> **Task goal**:
In the entries below, find the line containing "4 puertos USB" and the line containing "Black Cat and". Copy those two lines and everything between them exactly, and only that.

> **Excerpted data**:
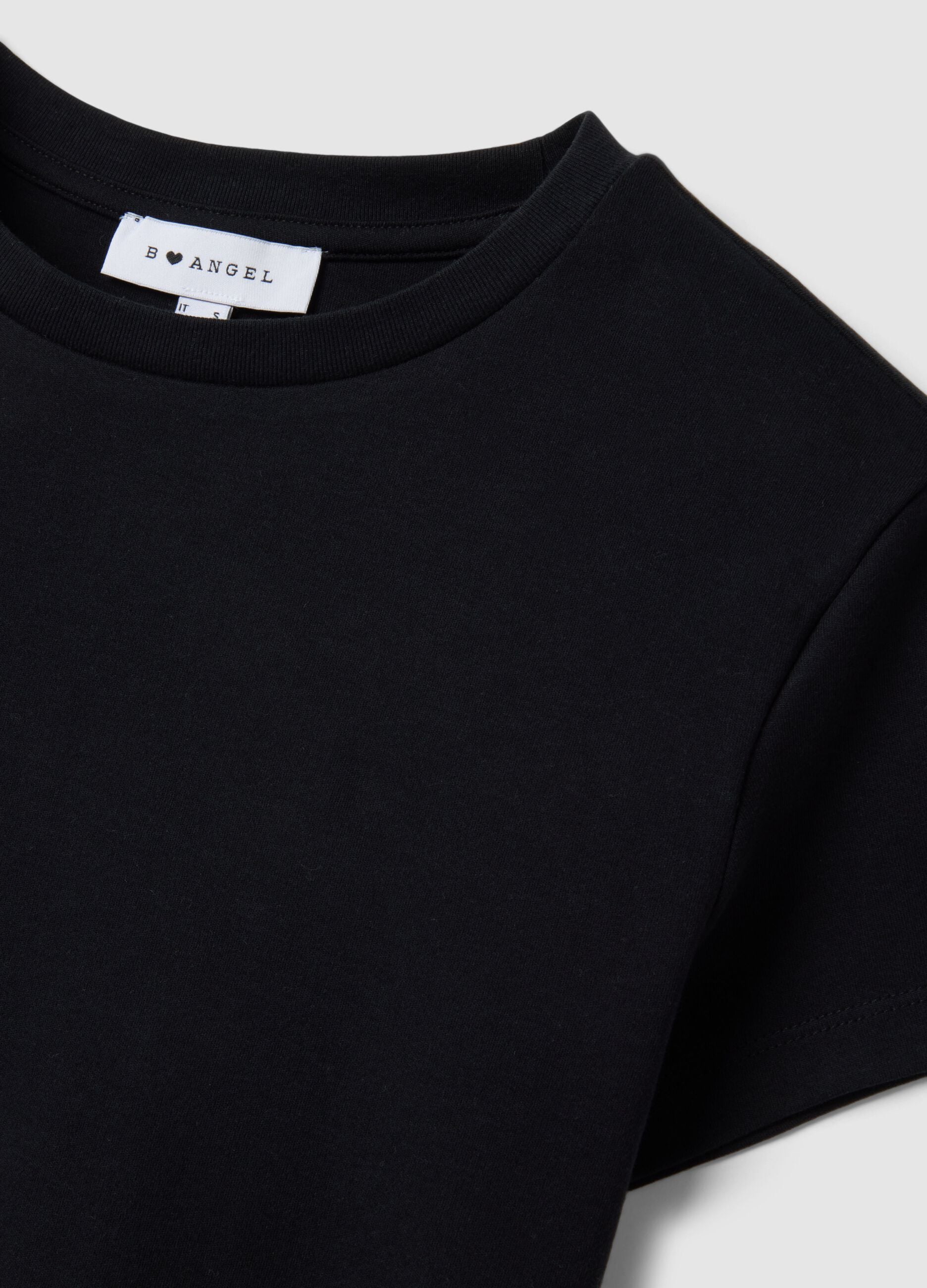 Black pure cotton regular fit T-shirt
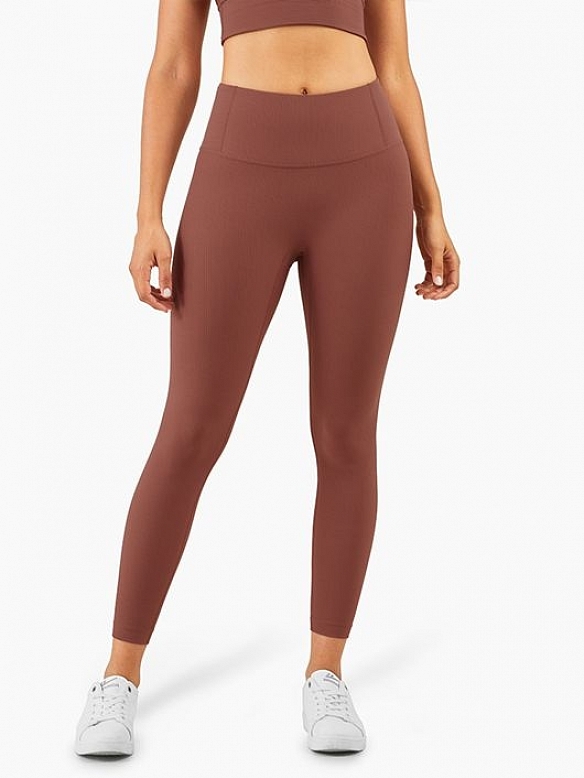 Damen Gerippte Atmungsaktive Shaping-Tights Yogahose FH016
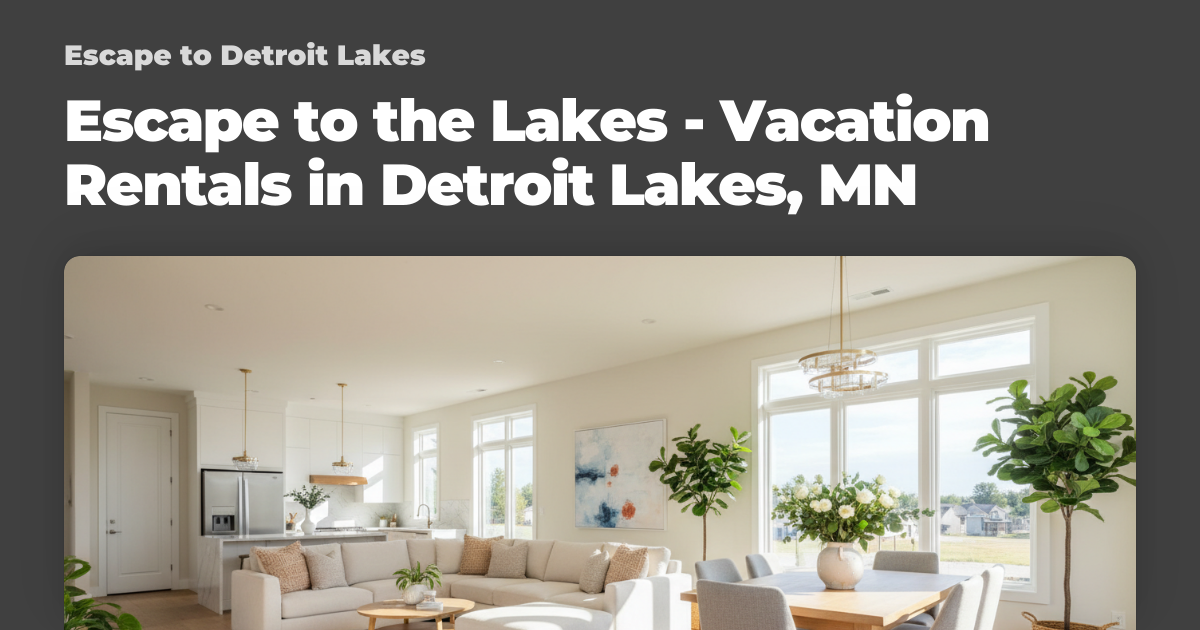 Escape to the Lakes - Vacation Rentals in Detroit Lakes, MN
* * *
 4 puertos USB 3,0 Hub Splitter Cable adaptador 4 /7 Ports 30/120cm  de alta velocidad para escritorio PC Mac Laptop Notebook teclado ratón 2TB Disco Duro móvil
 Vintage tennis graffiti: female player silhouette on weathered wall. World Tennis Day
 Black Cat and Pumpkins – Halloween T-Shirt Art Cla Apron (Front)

> **Task solution**:
 4 puertos USB 3,0 Hub Splitter Cable adaptador 4 /7 Ports 30/120cm  de alta velocidad para escritorio PC Mac Laptop Notebook teclado ratón 2TB Disco Duro móvil
 Vintage tennis graffiti: female player silhouette on weathered wall. World Tennis Day
 Black Cat and Pumpkins – Halloween T-Shirt Art Cla Apron (Front)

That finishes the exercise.